What is being asked:
Of all the entries below, only the lines from the one with "May include: A" up to and including the one with "Brown Three Seater" are to be duplicated exactly.

::: Information provided

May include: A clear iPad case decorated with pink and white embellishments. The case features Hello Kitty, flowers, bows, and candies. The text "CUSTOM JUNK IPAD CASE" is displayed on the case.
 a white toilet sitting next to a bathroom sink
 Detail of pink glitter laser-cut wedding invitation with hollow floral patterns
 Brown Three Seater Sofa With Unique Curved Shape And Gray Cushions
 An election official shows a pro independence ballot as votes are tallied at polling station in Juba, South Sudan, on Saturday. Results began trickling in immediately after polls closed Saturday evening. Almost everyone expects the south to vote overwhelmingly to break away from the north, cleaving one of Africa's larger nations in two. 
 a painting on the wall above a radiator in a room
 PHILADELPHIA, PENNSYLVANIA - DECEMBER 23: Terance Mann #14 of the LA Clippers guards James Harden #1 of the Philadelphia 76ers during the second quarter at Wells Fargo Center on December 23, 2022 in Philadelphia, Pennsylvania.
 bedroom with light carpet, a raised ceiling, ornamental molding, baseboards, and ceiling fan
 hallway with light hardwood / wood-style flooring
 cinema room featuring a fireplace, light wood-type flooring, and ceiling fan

::::::
::: Information provided

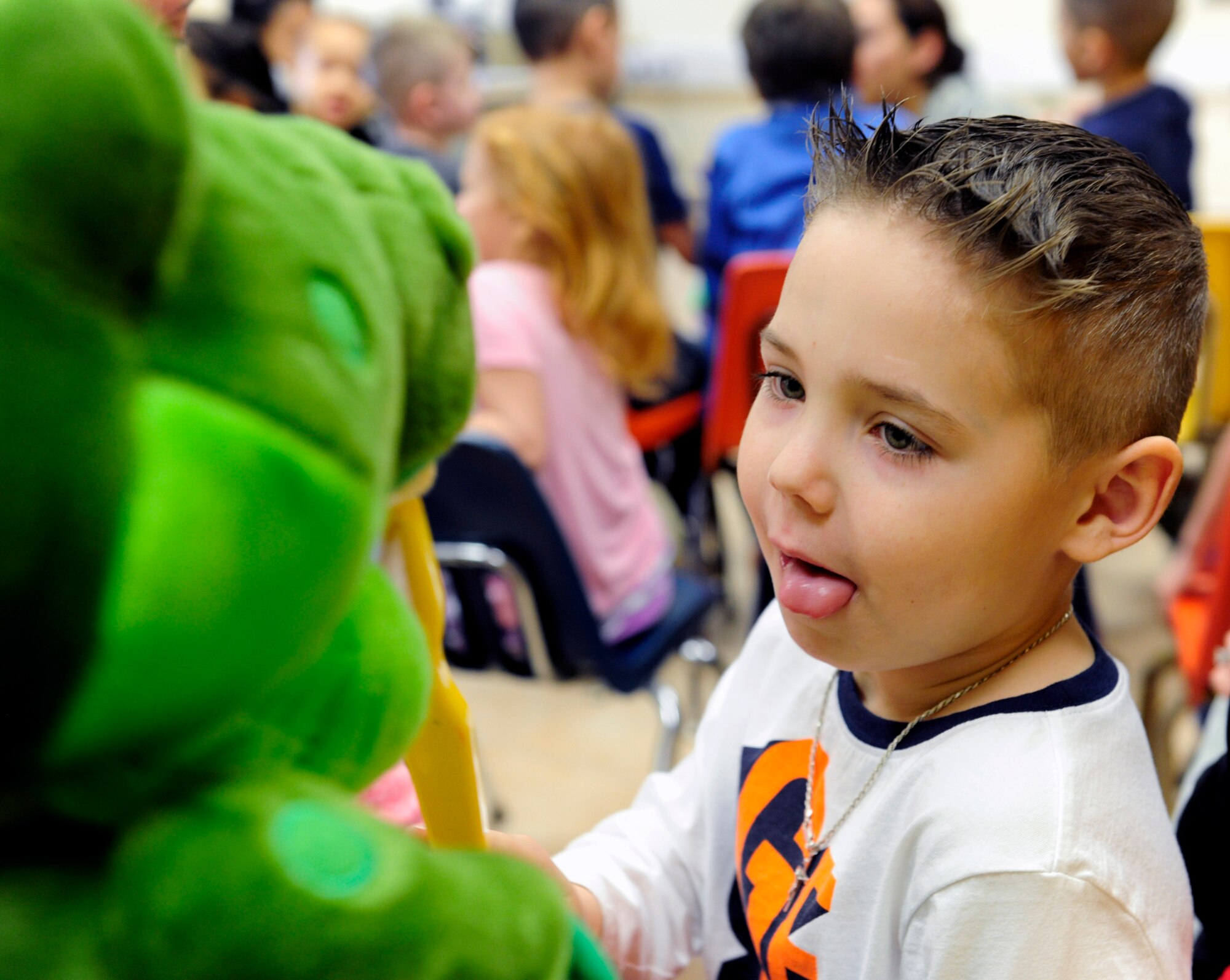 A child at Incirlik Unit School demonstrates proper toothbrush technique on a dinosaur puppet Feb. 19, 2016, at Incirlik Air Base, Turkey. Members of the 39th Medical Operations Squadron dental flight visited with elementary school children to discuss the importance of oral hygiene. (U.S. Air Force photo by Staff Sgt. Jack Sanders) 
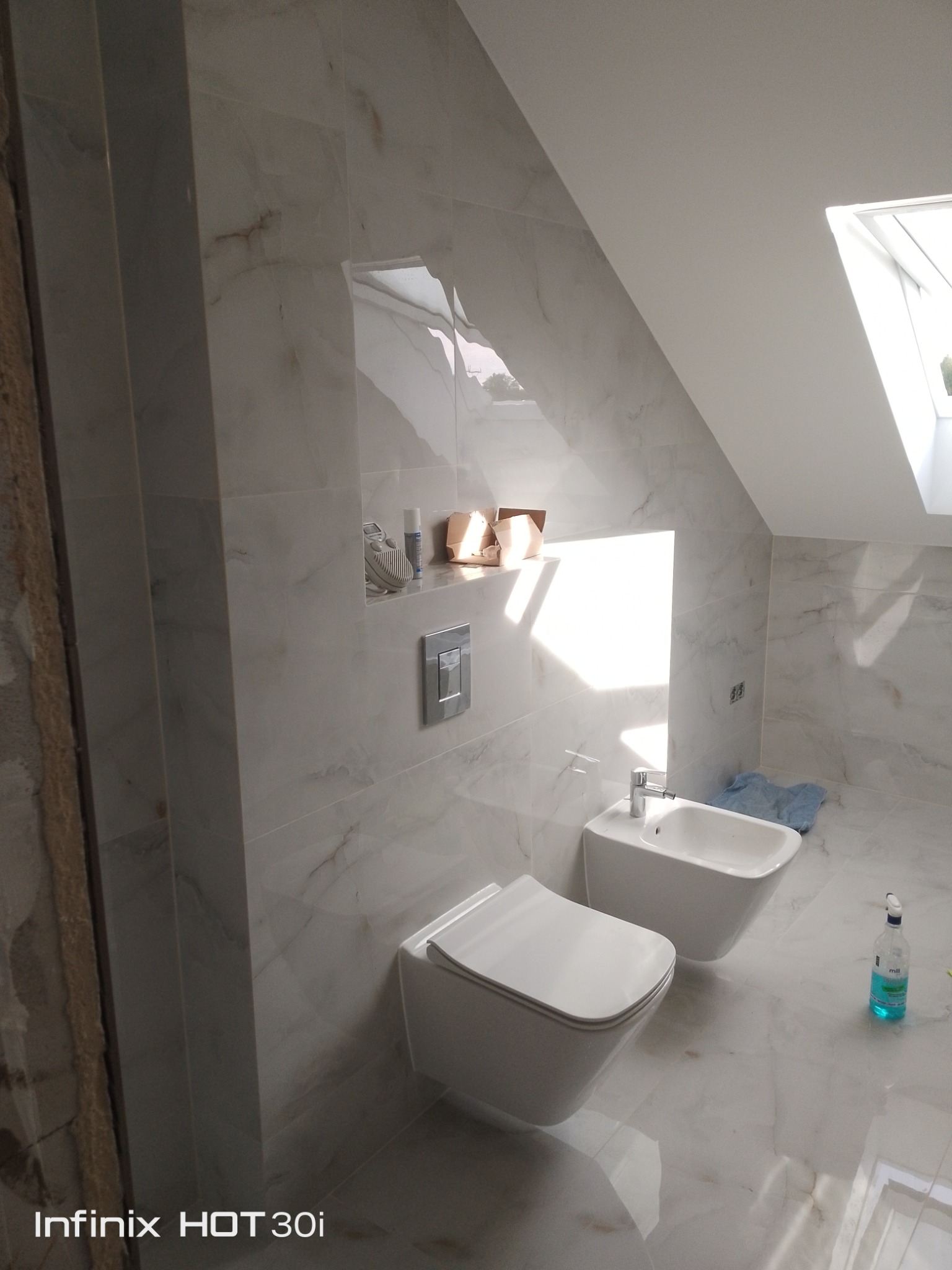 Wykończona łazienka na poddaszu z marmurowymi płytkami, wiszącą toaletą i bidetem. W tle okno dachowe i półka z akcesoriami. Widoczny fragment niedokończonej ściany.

::::::

Exercise result:
May include: A clear iPad case decorated with pink and white embellishments. The case features Hello Kitty, flowers, bows, and candies. The text "CUSTOM JUNK IPAD CASE" is displayed on the case.
 a white toilet sitting next to a bathroom sink
 Detail of pink glitter laser-cut wedding invitation with hollow floral patterns
 Brown Three Seater Sofa With Unique Curved Shape And Gray Cushions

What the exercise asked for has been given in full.